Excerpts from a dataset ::
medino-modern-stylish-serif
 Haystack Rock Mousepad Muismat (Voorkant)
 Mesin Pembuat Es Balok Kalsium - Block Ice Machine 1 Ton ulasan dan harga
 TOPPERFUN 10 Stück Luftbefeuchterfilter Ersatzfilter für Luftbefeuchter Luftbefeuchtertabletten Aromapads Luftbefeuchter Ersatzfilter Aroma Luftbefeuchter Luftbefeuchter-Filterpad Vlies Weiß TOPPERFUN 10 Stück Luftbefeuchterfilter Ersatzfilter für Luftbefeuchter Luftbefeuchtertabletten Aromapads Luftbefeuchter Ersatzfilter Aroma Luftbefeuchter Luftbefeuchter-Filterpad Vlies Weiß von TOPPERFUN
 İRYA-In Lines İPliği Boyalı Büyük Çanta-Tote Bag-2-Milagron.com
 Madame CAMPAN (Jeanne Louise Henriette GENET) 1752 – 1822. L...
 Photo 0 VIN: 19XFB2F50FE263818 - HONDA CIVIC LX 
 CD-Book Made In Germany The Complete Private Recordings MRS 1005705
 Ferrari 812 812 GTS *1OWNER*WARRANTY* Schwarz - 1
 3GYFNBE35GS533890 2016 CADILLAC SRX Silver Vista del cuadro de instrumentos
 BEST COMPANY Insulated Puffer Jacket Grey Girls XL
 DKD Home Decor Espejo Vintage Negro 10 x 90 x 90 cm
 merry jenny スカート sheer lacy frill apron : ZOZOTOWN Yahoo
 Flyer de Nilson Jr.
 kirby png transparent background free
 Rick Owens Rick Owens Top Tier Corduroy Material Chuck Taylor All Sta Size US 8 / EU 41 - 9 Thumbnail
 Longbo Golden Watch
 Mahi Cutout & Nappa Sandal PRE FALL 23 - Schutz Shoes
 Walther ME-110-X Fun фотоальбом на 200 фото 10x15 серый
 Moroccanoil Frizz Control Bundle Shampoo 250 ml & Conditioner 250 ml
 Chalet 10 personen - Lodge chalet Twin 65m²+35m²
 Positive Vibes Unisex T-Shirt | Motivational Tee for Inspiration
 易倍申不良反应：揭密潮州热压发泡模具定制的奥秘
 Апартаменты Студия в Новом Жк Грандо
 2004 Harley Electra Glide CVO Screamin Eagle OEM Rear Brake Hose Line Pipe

Exercise prompt :: Starting at the line that contains "kirby png transparent background free", return every line through the last one above, exactly as written.

Result of the task ::
 kirby png transparent background free
 Rick Owens Rick Owens Top Tier Corduroy Material Chuck Taylor All Sta Size US 8 / EU 41 - 9 Thumbnail
 Longbo Golden Watch
 Mahi Cutout & Nappa Sandal PRE FALL 23 - Schutz Shoes
 Walther ME-110-X Fun фотоальбом на 200 фото 10x15 серый
 Moroccanoil Frizz Control Bundle Shampoo 250 ml & Conditioner 250 ml
 Chalet 10 personen - Lodge chalet Twin 65m²+35m²
 Positive Vibes Unisex T-Shirt | Motivational Tee for Inspiration
 易倍申不良反应：揭密潮州热压发泡模具定制的奥秘
 Апартаменты Студия в Новом Жк Грандо
 2004 Harley Electra Glide CVO Screamin Eagle OEM Rear Brake Hose Line Pipe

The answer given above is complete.